Через 75 секунд после достижения спускаемым аппаратом высоты пять с половиной километров по команде программно-временного устройства с его днища должен был отделиться ненужный теперь уже лобовой теплозащитный экран. Срабатывание датчиков отделения снимало блокировку на запуск двигателей мягкой посадки. Но эти операции не прошли. О причине этого через много лет напишет в своей книге “Ракеты и люди” заместитель Главного конструктора Борис Черток:

“Из-за нерасчетно высокой скорости снижения лобовой щит отстрелился не на высоте трех километров, а у самой земли” [10.4].

Программно-временное устройство не выдало своевременно и команду на перецепку запасного парашюта на симметричную подвеску. Под тяжестью спускаемого аппарата из-под теплозащитного кожуха должен был вырваться стальной трос, который и обеспечивал перецепку. Но эта операция не состоялась, поскольку запасной парашют был спутан с тормозным.

Что ощущал Владимир Комаров в последние минуты своей жизни?

Когда приборно-агрегатный отсек все же оторвался от спускаемого аппарата, космонавт ощутил, что “кувыркание” постепенно заканчивается. А вот вращение вокруг продольной оси спускаемого аппарата осталось, и Комаров его тоже наверняка чувствовал. Почувствовал он и рывок в тот момент, когда отделилась крышка основного парашютного контейнера, услышал и приглушенный хлопок при ее отделении.

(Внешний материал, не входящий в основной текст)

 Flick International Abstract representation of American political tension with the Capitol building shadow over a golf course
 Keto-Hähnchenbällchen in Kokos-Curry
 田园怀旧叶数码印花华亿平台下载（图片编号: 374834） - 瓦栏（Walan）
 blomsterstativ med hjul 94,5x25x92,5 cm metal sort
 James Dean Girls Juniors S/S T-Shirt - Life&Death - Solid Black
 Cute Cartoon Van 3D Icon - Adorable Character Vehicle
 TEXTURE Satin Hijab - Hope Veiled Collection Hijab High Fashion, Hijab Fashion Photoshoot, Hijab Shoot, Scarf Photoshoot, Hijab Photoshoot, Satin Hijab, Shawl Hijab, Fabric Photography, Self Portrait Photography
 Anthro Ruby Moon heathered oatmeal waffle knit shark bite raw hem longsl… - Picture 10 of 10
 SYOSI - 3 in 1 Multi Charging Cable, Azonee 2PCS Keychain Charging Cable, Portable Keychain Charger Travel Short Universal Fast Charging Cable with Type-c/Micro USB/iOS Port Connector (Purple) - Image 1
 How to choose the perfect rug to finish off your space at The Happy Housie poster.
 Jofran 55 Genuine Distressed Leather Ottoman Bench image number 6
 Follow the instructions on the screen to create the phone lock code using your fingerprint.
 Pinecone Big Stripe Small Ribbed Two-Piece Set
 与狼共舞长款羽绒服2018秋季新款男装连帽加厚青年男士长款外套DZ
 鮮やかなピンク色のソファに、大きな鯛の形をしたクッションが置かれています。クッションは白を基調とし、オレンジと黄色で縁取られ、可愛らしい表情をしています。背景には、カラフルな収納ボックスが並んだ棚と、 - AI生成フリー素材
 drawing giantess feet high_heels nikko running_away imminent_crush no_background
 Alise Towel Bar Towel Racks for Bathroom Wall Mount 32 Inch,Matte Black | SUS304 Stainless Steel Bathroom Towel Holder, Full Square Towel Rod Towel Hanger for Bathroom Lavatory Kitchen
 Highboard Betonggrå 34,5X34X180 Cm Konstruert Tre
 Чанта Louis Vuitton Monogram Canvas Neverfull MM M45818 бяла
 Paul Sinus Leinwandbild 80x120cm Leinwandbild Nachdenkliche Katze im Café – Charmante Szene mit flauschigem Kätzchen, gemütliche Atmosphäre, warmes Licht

Наверняка ждал еще одного рывка вверх при выходе основного купола. Но рывка все не было и не было, вращение спускаемого аппарата не прекращалось.

Конечно, Владимир Комаров заподозрил, что спуск корабля идет в нештатном режиме, что основной купол парашюта либо вообще не вышел, либо вышел, но не наполнился полностью. На корабле 7К-ОК (“Союз”) не предусмотрено ручное управление парашютными системами, есть только средства индикации. На сигнальном табло слева от космонавта загорелся транспарант “Запасной парашют”. Хлопок над головой свидетельствовал о том, что введена в действие “запаска”. Но вращение корабля продолжалось. Не произошла перецепка запасного парашюта с бокового положения на предпосадочное, вдоль продольной оси корабля. Было еще и ощущения падения. Возможно, Владимир Комаров чувствовал, что корабль по-прежнему чуть наклонен к вертикали спуска. Может быть, он даже видел в иллюминаторы, если они не потеряли прозрачность при спуске в плазменном облаке, как периодически меняются местами земля и небо из-за вращения корабля. Скорее всего, при таком положении “Союза” бортовая автоматика могла дать сбой, и кресло-ложемент под космонавтом Владимиром

Комаровым не приподнялось на амортизаторах в предпосадочное положение.

Владимир Михайлович Комаров был грамотным инженером, достаточно опытным летчиком и одним из самых подготовленных советских космонавтов. Нет никаких сомнений, что, проанализировав все происходящее на борту “Союза”, он понял: полет корабля завершается в аварийном режиме...

Надеялся ли он выжить? Что думал и что пережил в те последние две-три минуты своей жизни? Что делал? Мы об этом никогда не узнаем.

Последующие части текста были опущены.